» **WORK TASK**: Below are records to write out again, exactly as they read.

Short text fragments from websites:
+===+
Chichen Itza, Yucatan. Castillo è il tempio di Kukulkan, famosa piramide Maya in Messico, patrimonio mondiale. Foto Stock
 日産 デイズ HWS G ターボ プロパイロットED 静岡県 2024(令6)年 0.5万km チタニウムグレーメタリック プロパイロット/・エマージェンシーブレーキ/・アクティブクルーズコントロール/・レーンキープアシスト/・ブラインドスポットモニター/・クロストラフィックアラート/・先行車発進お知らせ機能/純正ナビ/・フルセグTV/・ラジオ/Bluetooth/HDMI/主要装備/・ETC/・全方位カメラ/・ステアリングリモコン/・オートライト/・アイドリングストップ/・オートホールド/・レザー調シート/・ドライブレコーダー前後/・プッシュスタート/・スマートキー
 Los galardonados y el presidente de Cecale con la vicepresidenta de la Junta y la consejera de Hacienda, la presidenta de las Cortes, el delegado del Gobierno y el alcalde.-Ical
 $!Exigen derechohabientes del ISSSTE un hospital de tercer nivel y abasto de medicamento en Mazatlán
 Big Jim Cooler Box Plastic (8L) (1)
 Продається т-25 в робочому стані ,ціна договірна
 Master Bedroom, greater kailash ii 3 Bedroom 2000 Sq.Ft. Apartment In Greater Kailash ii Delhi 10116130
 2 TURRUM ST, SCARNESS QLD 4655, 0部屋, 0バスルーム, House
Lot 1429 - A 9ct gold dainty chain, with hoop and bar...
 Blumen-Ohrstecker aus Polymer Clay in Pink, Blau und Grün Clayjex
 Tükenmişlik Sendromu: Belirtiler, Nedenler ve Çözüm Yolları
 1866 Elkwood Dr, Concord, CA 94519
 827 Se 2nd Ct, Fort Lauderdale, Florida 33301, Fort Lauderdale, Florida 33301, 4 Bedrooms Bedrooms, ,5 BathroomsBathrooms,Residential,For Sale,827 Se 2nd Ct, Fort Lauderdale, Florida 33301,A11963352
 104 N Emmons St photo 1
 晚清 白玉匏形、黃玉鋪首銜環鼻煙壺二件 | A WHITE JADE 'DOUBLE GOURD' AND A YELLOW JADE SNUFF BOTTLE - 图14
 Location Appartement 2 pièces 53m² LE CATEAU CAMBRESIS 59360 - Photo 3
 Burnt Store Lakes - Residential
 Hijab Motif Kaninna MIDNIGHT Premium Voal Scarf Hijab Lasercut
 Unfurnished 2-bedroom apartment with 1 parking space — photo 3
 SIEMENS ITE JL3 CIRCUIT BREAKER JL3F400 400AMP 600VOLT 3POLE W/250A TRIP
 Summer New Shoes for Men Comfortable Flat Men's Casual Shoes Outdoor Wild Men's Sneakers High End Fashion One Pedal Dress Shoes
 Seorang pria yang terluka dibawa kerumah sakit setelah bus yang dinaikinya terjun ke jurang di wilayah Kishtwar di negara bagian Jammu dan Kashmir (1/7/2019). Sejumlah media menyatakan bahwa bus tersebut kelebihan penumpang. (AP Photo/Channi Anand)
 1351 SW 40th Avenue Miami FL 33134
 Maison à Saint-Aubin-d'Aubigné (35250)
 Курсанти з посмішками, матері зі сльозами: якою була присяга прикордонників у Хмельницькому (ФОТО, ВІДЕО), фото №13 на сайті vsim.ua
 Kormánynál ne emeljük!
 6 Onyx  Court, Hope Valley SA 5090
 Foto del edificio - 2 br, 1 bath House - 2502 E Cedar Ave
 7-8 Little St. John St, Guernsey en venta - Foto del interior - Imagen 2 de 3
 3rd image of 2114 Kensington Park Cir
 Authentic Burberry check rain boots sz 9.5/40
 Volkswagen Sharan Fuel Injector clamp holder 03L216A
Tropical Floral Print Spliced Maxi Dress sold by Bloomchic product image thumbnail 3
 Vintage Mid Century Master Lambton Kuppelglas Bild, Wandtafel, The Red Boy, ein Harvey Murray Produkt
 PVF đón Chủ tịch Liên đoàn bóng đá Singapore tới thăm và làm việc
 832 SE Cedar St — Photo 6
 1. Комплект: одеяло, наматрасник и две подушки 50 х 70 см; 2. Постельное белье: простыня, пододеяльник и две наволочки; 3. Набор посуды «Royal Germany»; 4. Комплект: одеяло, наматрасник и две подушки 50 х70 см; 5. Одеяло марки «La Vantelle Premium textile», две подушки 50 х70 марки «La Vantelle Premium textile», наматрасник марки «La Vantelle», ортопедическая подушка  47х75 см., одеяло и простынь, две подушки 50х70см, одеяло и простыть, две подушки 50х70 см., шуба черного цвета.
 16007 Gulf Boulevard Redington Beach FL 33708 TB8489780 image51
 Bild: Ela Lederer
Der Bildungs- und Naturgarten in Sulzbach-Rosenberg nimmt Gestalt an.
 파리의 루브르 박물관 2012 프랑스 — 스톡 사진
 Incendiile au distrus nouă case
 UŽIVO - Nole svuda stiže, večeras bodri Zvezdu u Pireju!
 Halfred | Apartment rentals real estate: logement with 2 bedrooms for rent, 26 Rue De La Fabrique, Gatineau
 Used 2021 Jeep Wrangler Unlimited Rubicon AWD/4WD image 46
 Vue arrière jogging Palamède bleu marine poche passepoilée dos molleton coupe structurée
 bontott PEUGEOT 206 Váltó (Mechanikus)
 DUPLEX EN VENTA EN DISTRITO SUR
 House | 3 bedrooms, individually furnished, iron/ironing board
+===+
» **SOLUTION FOR THIS PROBLEM**:
Chichen Itza, Yucatan. Castillo è il tempio di Kukulkan, famosa piramide Maya in Messico, patrimonio mondiale. Foto Stock
 日産 デイズ HWS G ターボ プロパイロットED 静岡県 2024(令6)年 0.5万km チタニウムグレーメタリック プロパイロット/・エマージェンシーブレーキ/・アクティブクルーズコントロール/・レーンキープアシスト/・ブラインドスポットモニター/・クロストラフィックアラート/・先行車発進お知らせ機能/純正ナビ/・フルセグTV/・ラジオ/Bluetooth/HDMI/主要装備/・ETC/・全方位カメラ/・ステアリングリモコン/・オートライト/・アイドリングストップ/・オートホールド/・レザー調シート/・ドライブレコーダー前後/・プッシュスタート/・スマートキー
 Los galardonados y el presidente de Cecale con la vicepresidenta de la Junta y la consejera de Hacienda, la presidenta de las Cortes, el delegado del Gobierno y el alcalde.-Ical
 $!Exigen derechohabientes del ISSSTE un hospital de tercer nivel y abasto de medicamento en Mazatlán
 Big Jim Cooler Box Plastic (8L) (1)
 Продається т-25 в робочому стані ,ціна договірна
 Master Bedroom, greater kailash ii 3 Bedroom 2000 Sq.Ft. Apartment In Greater Kailash ii Delhi 10116130
 2 TURRUM ST, SCARNESS QLD 4655, 0部屋, 0バスルーム, House
Lot 1429 - A 9ct gold dainty chain, with hoop and bar...
 Blumen-Ohrstecker aus Polymer Clay in Pink, Blau und Grün Clayjex
 Tükenmişlik Sendromu: Belirtiler, Nedenler ve Çözüm Yolları
 1866 Elkwood Dr, Concord, CA 94519
 827 Se 2nd Ct, Fort Lauderdale, Florida 33301, Fort Lauderdale, Florida 33301, 4 Bedrooms Bedrooms, ,5 BathroomsBathrooms,Residential,For Sale,827 Se 2nd Ct, Fort Lauderdale, Florida 33301,A11963352
 104 N Emmons St photo 1
 晚清 白玉匏形、黃玉鋪首銜環鼻煙壺二件 | A WHITE JADE 'DOUBLE GOURD' AND A YELLOW JADE SNUFF BOTTLE - 图14
 Location Appartement 2 pièces 53m² LE CATEAU CAMBRESIS 59360 - Photo 3
 Burnt Store Lakes - Residential
 Hijab Motif Kaninna MIDNIGHT Premium Voal Scarf Hijab Lasercut
 Unfurnished 2-bedroom apartment with 1 parking space — photo 3
 SIEMENS ITE JL3 CIRCUIT BREAKER JL3F400 400AMP 600VOLT 3POLE W/250A TRIP
 Summer New Shoes for Men Comfortable Flat Men's Casual Shoes Outdoor Wild Men's Sneakers High End Fashion One Pedal Dress Shoes
 Seorang pria yang terluka dibawa kerumah sakit setelah bus yang dinaikinya terjun ke jurang di wilayah Kishtwar di negara bagian Jammu dan Kashmir (1/7/2019). Sejumlah media menyatakan bahwa bus tersebut kelebihan penumpang. (AP Photo/Channi Anand)
 1351 SW 40th Avenue Miami FL 33134
 Maison à Saint-Aubin-d'Aubigné (35250)
 Курсанти з посмішками, матері зі сльозами: якою була присяга прикордонників у Хмельницькому (ФОТО, ВІДЕО), фото №13 на сайті vsim.ua
 Kormánynál ne emeljük!
 6 Onyx  Court, Hope Valley SA 5090
 Foto del edificio - 2 br, 1 bath House - 2502 E Cedar Ave
 7-8 Little St. John St, Guernsey en venta - Foto del interior - Imagen 2 de 3
 3rd image of 2114 Kensington Park Cir
 Authentic Burberry check rain boots sz 9.5/40
 Volkswagen Sharan Fuel Injector clamp holder 03L216A
Tropical Floral Print Spliced Maxi Dress sold by Bloomchic product image thumbnail 3
 Vintage Mid Century Master Lambton Kuppelglas Bild, Wandtafel, The Red Boy, ein Harvey Murray Produkt
 PVF đón Chủ tịch Liên đoàn bóng đá Singapore tới thăm và làm việc
 832 SE Cedar St — Photo 6
 1. Комплект: одеяло, наматрасник и две подушки 50 х 70 см; 2. Постельное белье: простыня, пододеяльник и две наволочки; 3. Набор посуды «Royal Germany»; 4. Комплект: одеяло, наматрасник и две подушки 50 х70 см; 5. Одеяло марки «La Vantelle Premium textile», две подушки 50 х70 марки «La Vantelle Premium textile», наматрасник марки «La Vantelle», ортопедическая подушка  47х75 см., одеяло и простынь, две подушки 50х70см, одеяло и простыть, две подушки 50х70 см., шуба черного цвета.
 16007 Gulf Boulevard Redington Beach FL 33708 TB8489780 image51
 Bild: Ela Lederer
Der Bildungs- und Naturgarten in Sulzbach-Rosenberg nimmt Gestalt an.
 파리의 루브르 박물관 2012 프랑스 — 스톡 사진
 Incendiile au distrus nouă case
 UŽIVO - Nole svuda stiže, večeras bodri Zvezdu u Pireju!
 Halfred | Apartment rentals real estate: logement with 2 bedrooms for rent, 26 Rue De La Fabrique, Gatineau
 Used 2021 Jeep Wrangler Unlimited Rubicon AWD/4WD image 46
 Vue arrière jogging Palamède bleu marine poche passepoilée dos molleton coupe structurée
 bontott PEUGEOT 206 Váltó (Mechanikus)
 DUPLEX EN VENTA EN DISTRITO SUR
 House | 3 bedrooms, individually furnished, iron/ironing board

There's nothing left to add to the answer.